# 34 years ago today!



## lawn king (Nov 21, 2004)

Blizzard of 1978. Once in a lifetime storm (so far). Where were you?


----------



## coldcoffee (Jul 17, 2008)

I remember getting sent home early from school. The school staff was in a frenzy because the buses were overloaded & were having a hard time getting all the kids home. It was a great time to be a kid w/ all the snow days off from school & heading out skiing or sledding. I had a paper route & had to use a sled to pull my newspapers around...good times.


----------



## Fisher II (Sep 13, 2004)

...woke up to snow drifts over my swingset. No school for 2 weeks!


----------



## unit28 (Jan 1, 2007)

As a kid in TX I was making snow men.
It was one of the two times I can remember having fun down there in the winter.

Mom was yelling at me to put my hat back on while making a real snowman A great day with hot chocolate and tiny marshmallows.
Not exactly on the same day as we know how precip travels, but yeah we had it too.

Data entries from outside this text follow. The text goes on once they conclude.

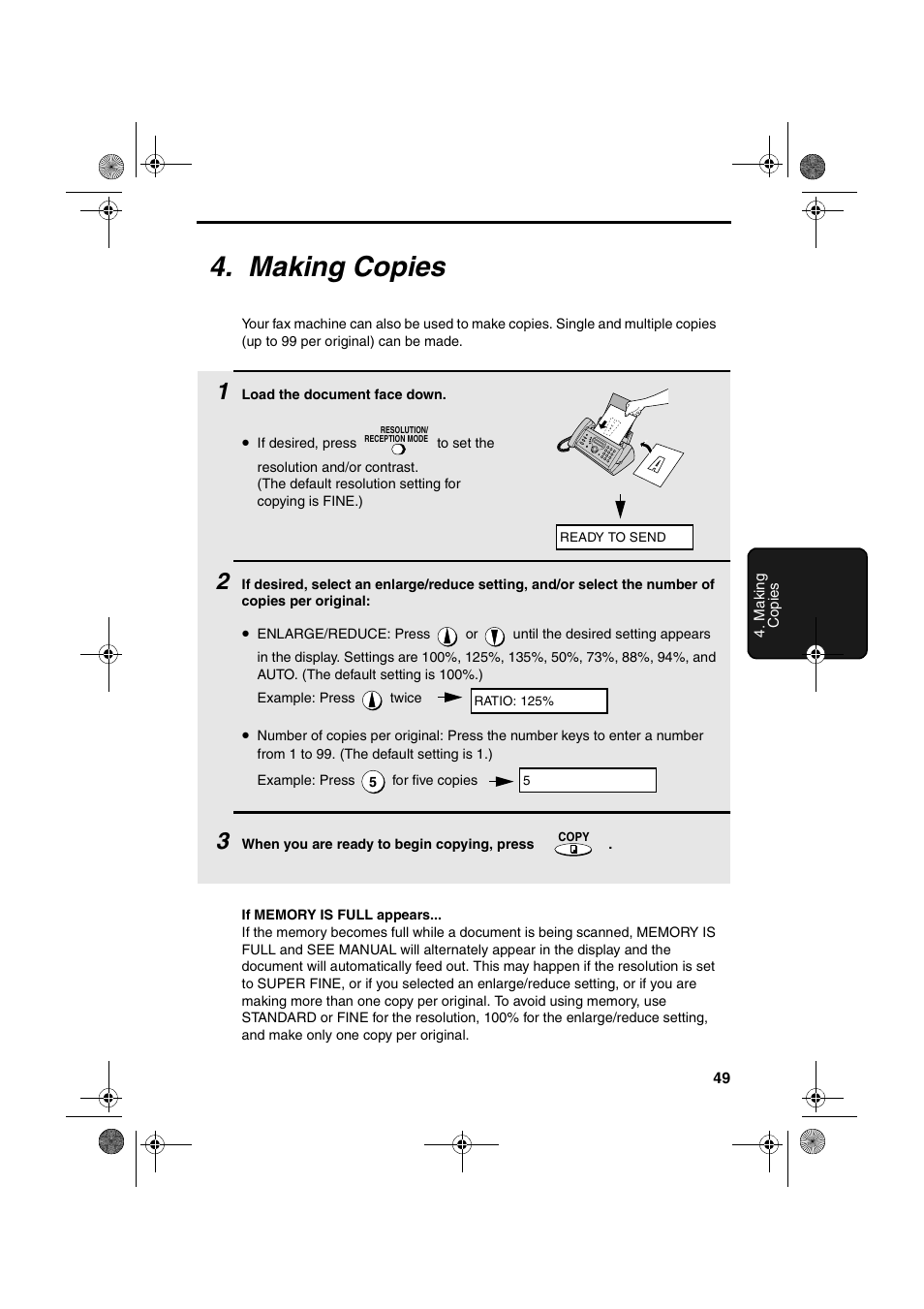 Making copies | Sharp UX-P410 User Manual | Page 51 / 87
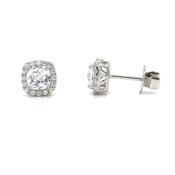 Sterling Silver Cushion Cut CZ Cluster Earrings
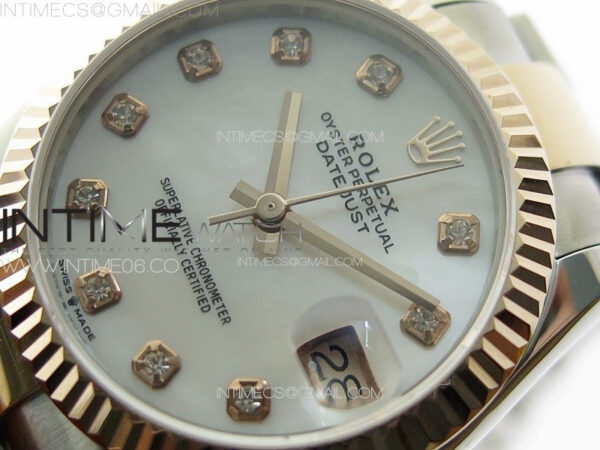 DateJust 31mm 72610 SS/RG APSF Best Edition White MOP Dial Crystals Markers on Oyster Bracelet A2824 - Image 4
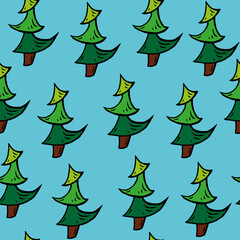 seamless vector pattern with color trees on the blue background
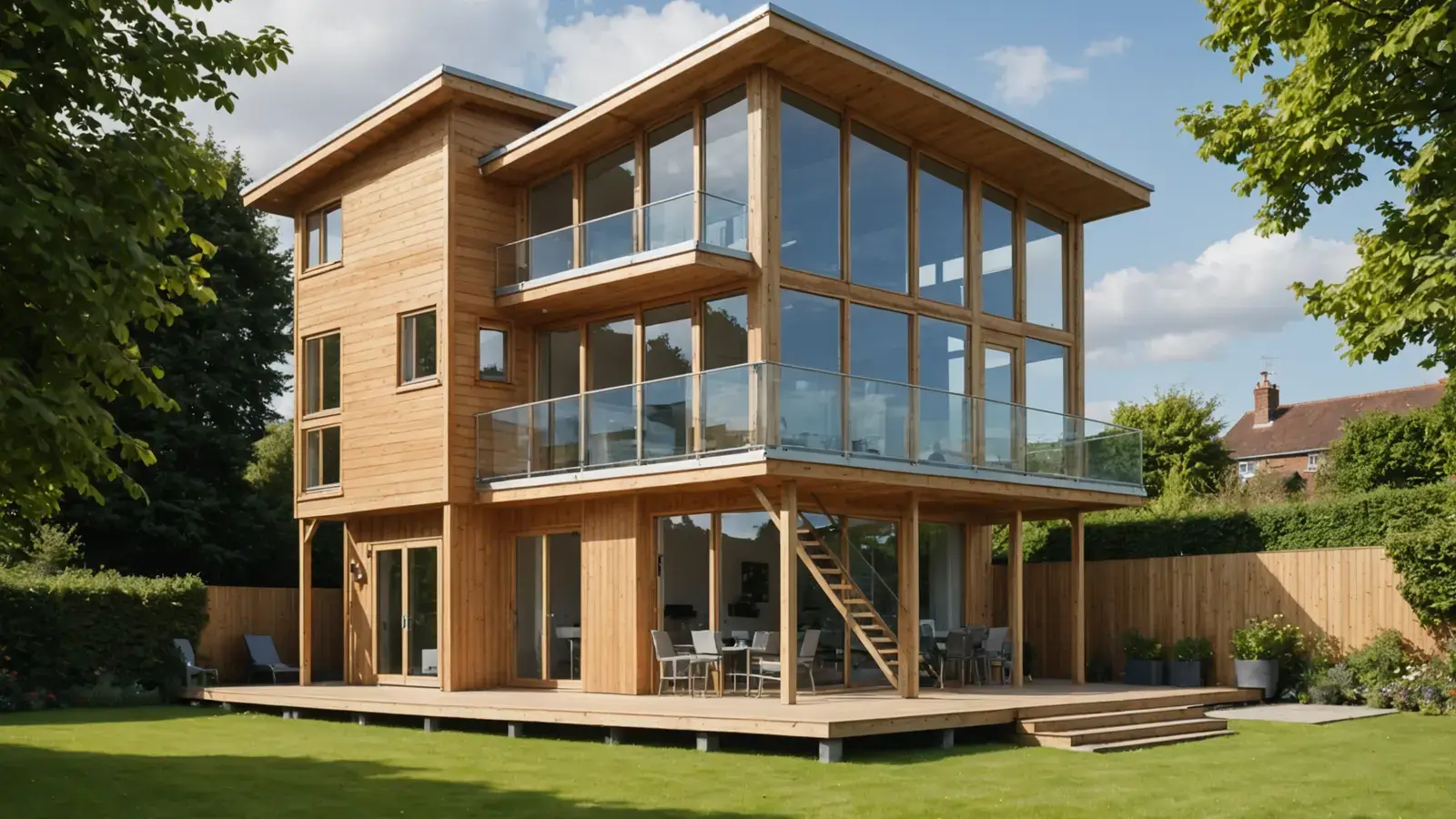 Grande maison moderne en bois à façades vitrées et balcons, vue depuis le jardin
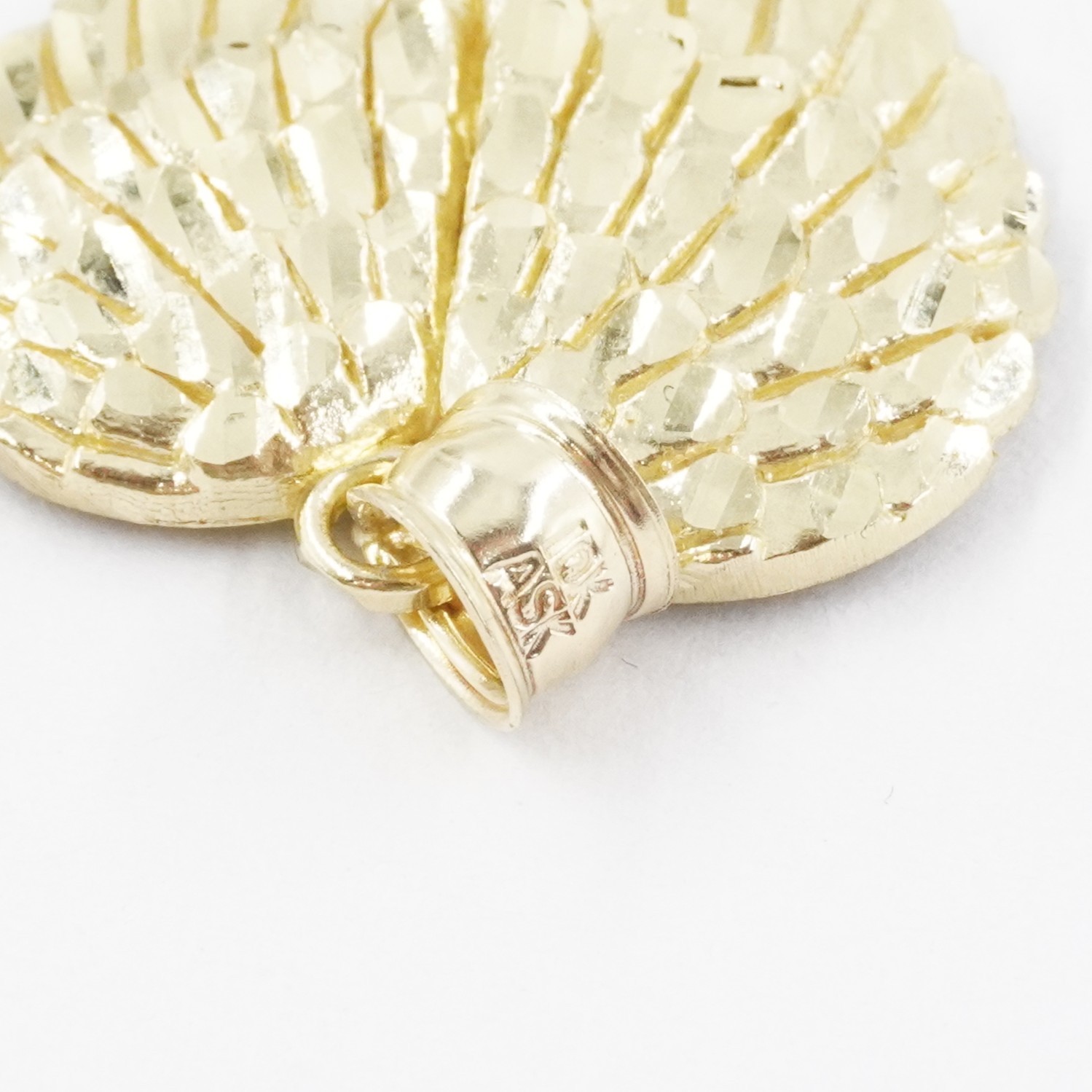 BAYAM Real 10K Yellow Gold Diamond Cut Angel Wings Heart 1 & 3/8in Pendant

February 17, 1978 – The last in a series of five snow events that began in mid-January also had the greatest totals. Between 4-8 inches fell from Throckmorton to Gainesville, and north of a line through Dublin, Cleburne, Terrell, and Sulphur Springs.


----------



## festerw (Sep 25, 2003)

To make you feel old, it was 4 years before I was even born. :laughing:


----------



## lawn king (Nov 21, 2004)

I was just shy of getting my drivers license, so the event was all fun for me!


----------



## Dodge Plow Pwr (Dec 7, 2007)

Walking around town offering to shovel walks, drives and even roofs with my brother and 3 neighbor kids. We were out for days on end and made over $800.00 each. That's when I decided I would always do snow removal. I was 13 for this storm, now.....47


----------



## fernalddude (Feb 15, 2004)

High school senior working at a sohio gas station with 5 wreckers 2 service trucks what a time that was. 17 years old with a new wrecker in a blizzard priceless. Then getting my first plow rig.


----------



## Oshkosh (Sep 11, 2005)

I was in 7th grade,crazy time, home in Marblehead listening to the scanner, 90mph winds and 40' seas .
The tanker Global Hope on the rocks/grounded about 150 yards off shore in Salem sound, listening to the Can Do,( a pilot boat that headed out to help the Coast Guard after their boat lost radar and the Tanker) disappear from the scanner loosing all on board. 
The "Can Do" wreckage ended up about 50' off the Marblehead neck,crew members encased in ice on the town beach.Had the double whammy of the coastal storm and the snow....
Mom was an RN at Salem Children's Hospital and the National Guard would pick her up and drop her off from work.
The local police asked anyone with snowmobiles to report to the station and they used them for patrols ,calls, safety checks etc...I remember seeing the police on Ski doo Nordics and Mercury sleds running around town....


----------



## basher (Nov 13, 2004)

I spent a portion of it welding on a old Case Construction King that hit a concrete light pole base and broke a driver's side lift arm, normal for that tractor. I think it had something to do with the extra lift ram they use to have.) Had to fix it in the hospital parking lot where it broke. Had more trouble getting to the tractor then fixing it. Working under a old beach umbrella to keep the snow off the man and the work. Its hard to weld with snow coming in the back of the welding helmet. Fogging is enough of an issue in those conditions. So I guess I was just doing normal storm plow repair.


----------



## plowcrack (Dec 18, 2009)

We just had the 45th anneversary of the storm of 67. I wasn't around then but have pictures of my older brothers climbing drifts and standing on top of the house/garage. They had some great stories!


----------



## grandview (Oct 9, 2005)

Buffalo was 35 yrs ago.


----------



## plowguy43 (Jan 2, 2008)

I wasn't even an itch in my dad's pants for another 4 years....


----------



## TPC Services (Dec 15, 2005)

was 5 years old then, but ours was in 73' the year an the same month I was born I cam home the day of it.


----------



## Oshkosh (Sep 11, 2005)

In the Boston area the Blizzard was really a two part event with us having something like 37" of snow in January followed up a week later by a 27" storm, just shut the area down.The 90mph wind along with the snow was to much to deal with...
Found this photo online, Rt495 in Mass, a couple of B Model Macks and looks like a Ford opening up the highway...


----------



## RepoMan1968 (Jan 9, 2012)

lawn king;1441204 said:


> Blizzard of 1978. Once in a lifetime storm (so far). Where were you?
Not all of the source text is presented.